__ABOUT THIS TASK__
Working from the records below, repeat exactly the lines starting at the line that contains "Artist Mez Data" and ending at the line that contains "Decorative wooden sound", inclusive.

Data entries
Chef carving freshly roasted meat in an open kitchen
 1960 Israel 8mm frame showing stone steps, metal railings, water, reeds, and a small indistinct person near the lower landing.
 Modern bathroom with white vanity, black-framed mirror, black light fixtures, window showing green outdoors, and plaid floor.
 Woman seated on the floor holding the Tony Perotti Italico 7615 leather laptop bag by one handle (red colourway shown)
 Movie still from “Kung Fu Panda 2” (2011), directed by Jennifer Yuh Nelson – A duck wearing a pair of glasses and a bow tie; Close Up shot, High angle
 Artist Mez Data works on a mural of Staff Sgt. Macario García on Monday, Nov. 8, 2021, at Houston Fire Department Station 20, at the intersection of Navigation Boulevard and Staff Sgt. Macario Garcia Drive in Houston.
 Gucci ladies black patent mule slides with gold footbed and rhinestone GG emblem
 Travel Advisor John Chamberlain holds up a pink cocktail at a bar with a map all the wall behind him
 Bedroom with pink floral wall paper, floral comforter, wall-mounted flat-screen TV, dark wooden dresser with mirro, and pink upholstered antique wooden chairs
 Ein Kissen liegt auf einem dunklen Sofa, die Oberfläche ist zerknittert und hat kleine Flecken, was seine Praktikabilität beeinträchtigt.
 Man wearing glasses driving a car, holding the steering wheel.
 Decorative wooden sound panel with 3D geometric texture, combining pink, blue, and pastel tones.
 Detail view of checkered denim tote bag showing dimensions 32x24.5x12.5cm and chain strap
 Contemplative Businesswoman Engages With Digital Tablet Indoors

__ANSWER TO THIS PROBLEM__
 Artist Mez Data works on a mural of Staff Sgt. Macario García on Monday, Nov. 8, 2021, at Houston Fire Department Station 20, at the intersection of Navigation Boulevard and Staff Sgt. Macario Garcia Drive in Houston.
 Gucci ladies black patent mule slides with gold footbed and rhinestone GG emblem
 Travel Advisor John Chamberlain holds up a pink cocktail at a bar with a map all the wall behind him
 Bedroom with pink floral wall paper, floral comforter, wall-mounted flat-screen TV, dark wooden dresser with mirro, and pink upholstered antique wooden chairs
 Ein Kissen liegt auf einem dunklen Sofa, die Oberfläche ist zerknittert und hat kleine Flecken, was seine Praktikabilität beeinträchtigt.
 Man wearing glasses driving a car, holding the steering wheel.
 Decorative wooden sound panel with 3D geometric texture, combining pink, blue, and pastel tones.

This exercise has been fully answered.